ABOUT THIS TASK >>
Your answer must be the lines from the one containing "Programação CAEB 18" through the last line of the records below, copied exactly, with the pictures left out.

SUPPLIED INFORMATION >>
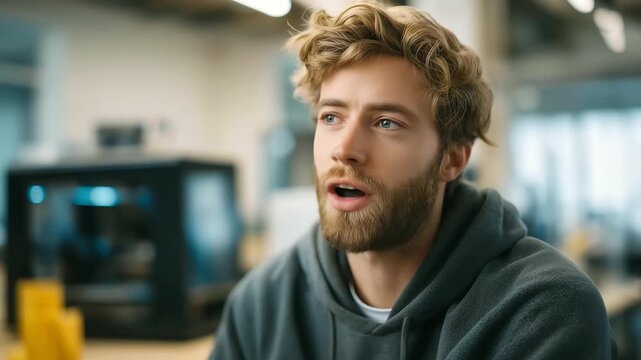 male professor developing prototype in university makerspace 3D printer humming collaborative research innovation cinematic color correction, gentle backlight, clean negative space, high quality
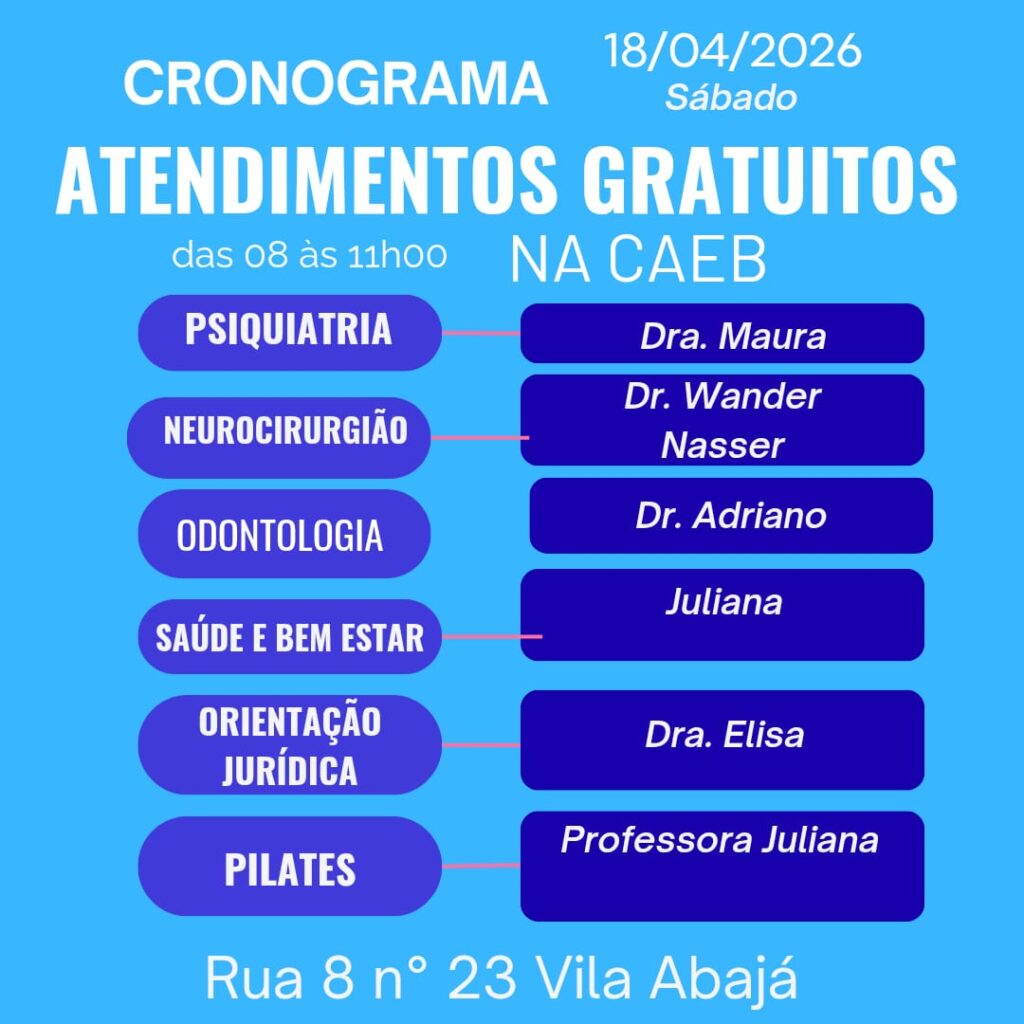 Programação CAEB 18 de ABRIL - Atendimentos gratuitos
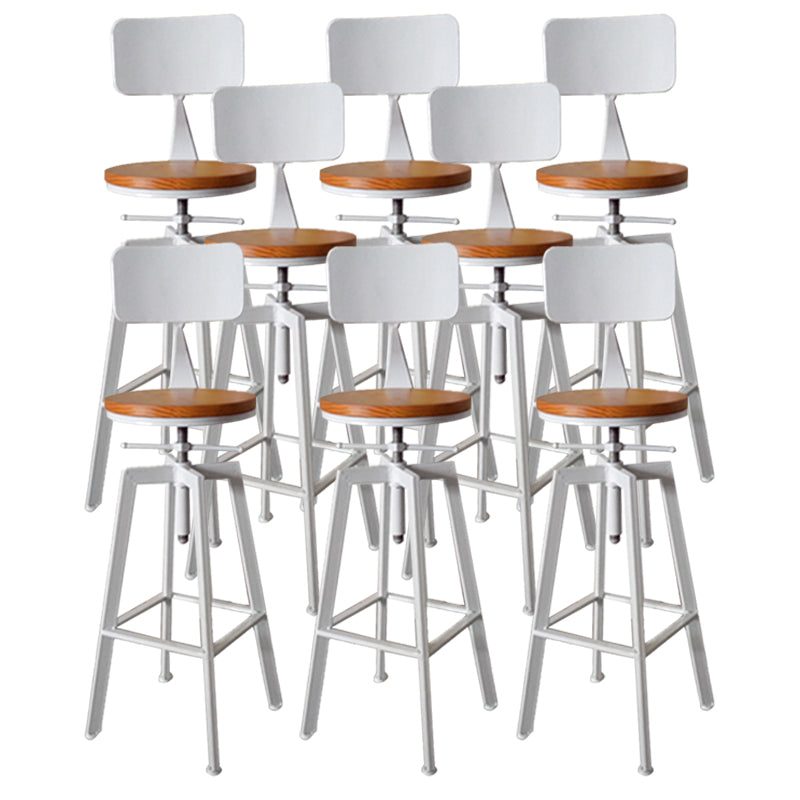 Modern Armless Counter Stool Iron Bar Stool with Wooden Seat and Pedal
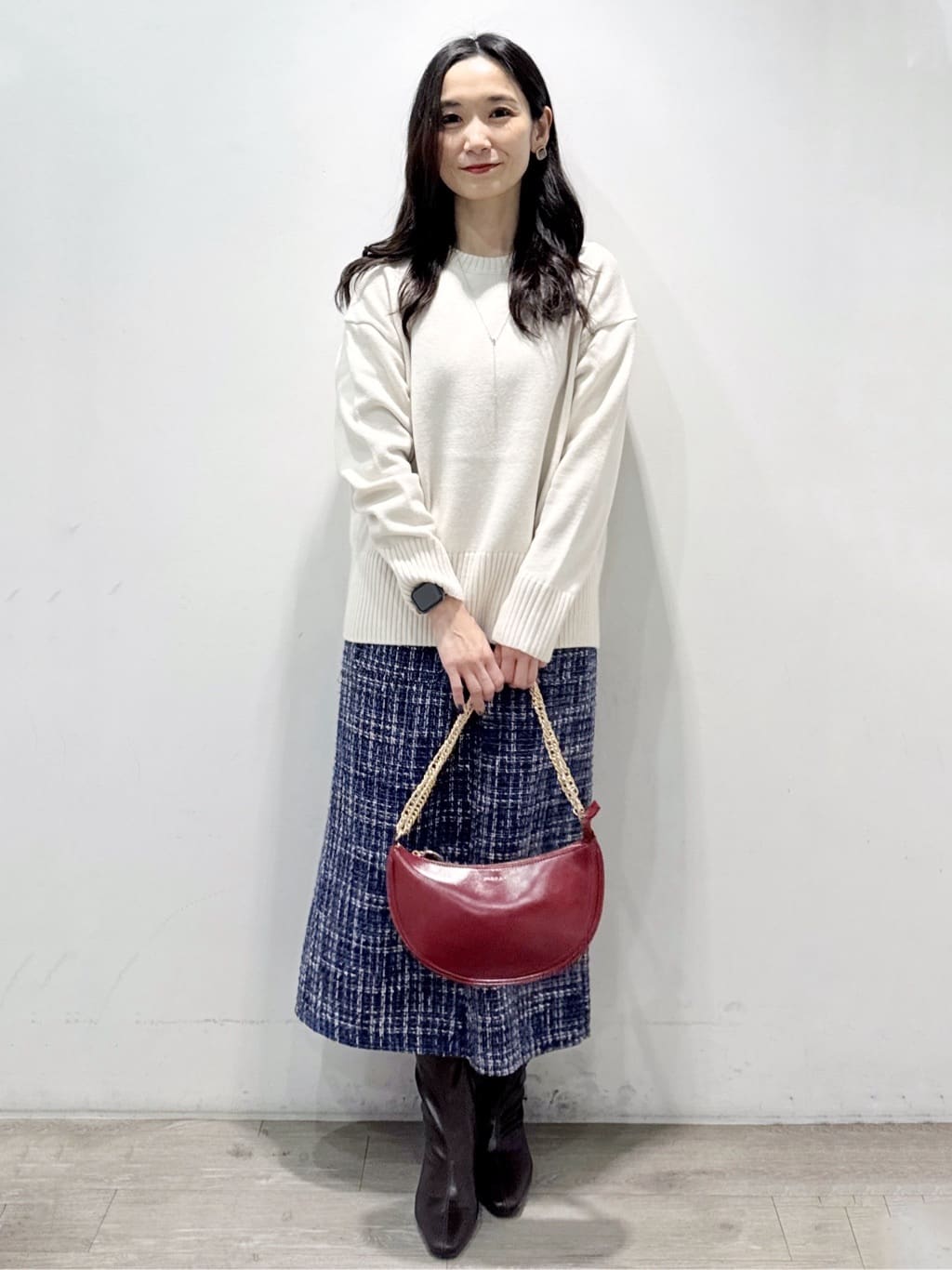 yuicciさんの「OPAQUE.CLIP｜ファンシーツイードナロースカート【洗濯機OK】」を使ったコーディネート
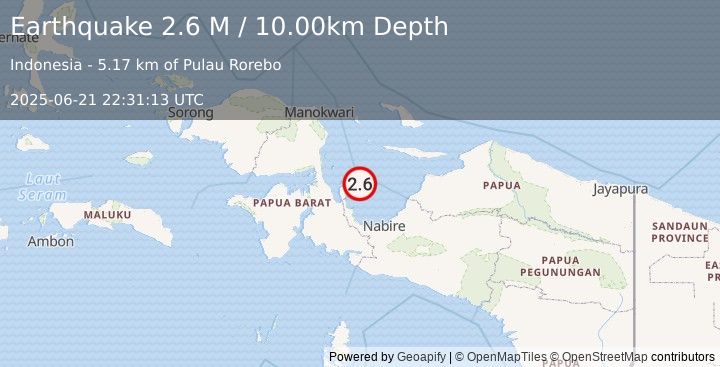 Earthquake West Papua Region, Indonesia (2.6 M) (2025-06-21 22:31:13 UTC)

TASK ANSWER >>
 Programação CAEB 18 de ABRIL - Atendimentos gratuitos
 Modern Armless Counter Stool Iron Bar Stool with Wooden Seat and Pedal
 yuicciさんの「OPAQUE.CLIP｜ファンシーツイードナロースカート【洗濯機OK】」を使ったコーディネート
 Earthquake West Papua Region, Indonesia (2.6 M) (2025-06-21 22:31:13 UTC)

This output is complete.